AGA KHAN UNIVERSITY TO INVEST $1BN IN EAST AFRICA

The Chancellor of the Aga Khan University (AKU), His Highness the Aga Khan, confers a master’s degree in education on Ms Mwanapili Mwinyi Kambi at the 2015 AKU convocation in Dar es Salaam yesterday.
Dar es Salaam. The Aga Khan University has announced a $1 billion (Sh1.8 trillion) investment in education in East Africa. At the same time, the Aga Khan – the spiritual leader of Shia Ismaili Muslims – yesterday said Africa must move rapidly to establish and reinforce a healthy civil society to help improve quality of life.

The investment, to be released over 15 years, will see new campuses and graduate schools in the region, with $700 million coming to Tanzania. Speaking at the university’s graduation ceremony in Dar es Salaam, the Aga Khan said both the developed and the developing worlds need quality civil society organisations to manage the future. Vibrant and ethical civil society organisations are critical if the quality of human life across the world is to be improved, he added.

“More and more, I am convinced that the key to improving the quality of human life--both in places that are gifted with good governments and in places that are not so fortunate--is the quality of what I describe as civil society,” said the Aga Khan.

He defined civil society as an array of institutions that are neither public nor profit-driven but motivated by voluntary commitment and dedicated to the public good.

They include institutions dedicated to culture, public information, the environment and religious faith. Just as important are health and education.

The Imam of the Ismaili community said a healthy civil society is a meritocratic one where ethics are honoured and excellence is valued, “and the great question confronting us here in Africa is how rapidly the institutions of a healthy civil society can be established and reinforced”.
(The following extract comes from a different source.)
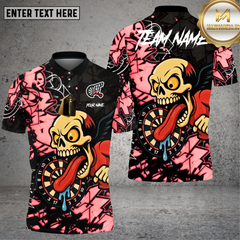 Maxcorners Darts Skull Shirt Street Art Design Multioptions Personalized Name, Team Name Unisex 3D Shirt (4 Colors)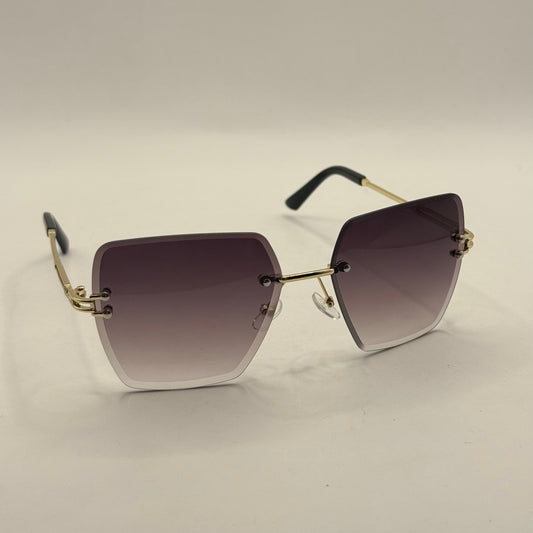 Rimless Geometric Sunglasses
As it advances and shares new knowledge, he added, AKU will play a central role in growing a quality civil society. On Monday, AKU became the first foreign university to be given a charter by the Tanzanian government. Tanzania is a special place for AKU since the Aga Khan’s grandfather, while serving as Imam of the Ismaili Muslim community, made education a top priority and started the first Aga Khan School in Africa over 110 years ago in Bagamoyo.

AKU has graduated 12,000 students in the past 15 years, including nearly 2,000 nurses and 3,000 teachers. In the past year, the university has trained 1,000 secondary school headteachers. A new campus, expected to be ready in four years, is being built in Arusha to house the Faculty of Arts and Sciences, two graduate schools, a technology and research park and a library.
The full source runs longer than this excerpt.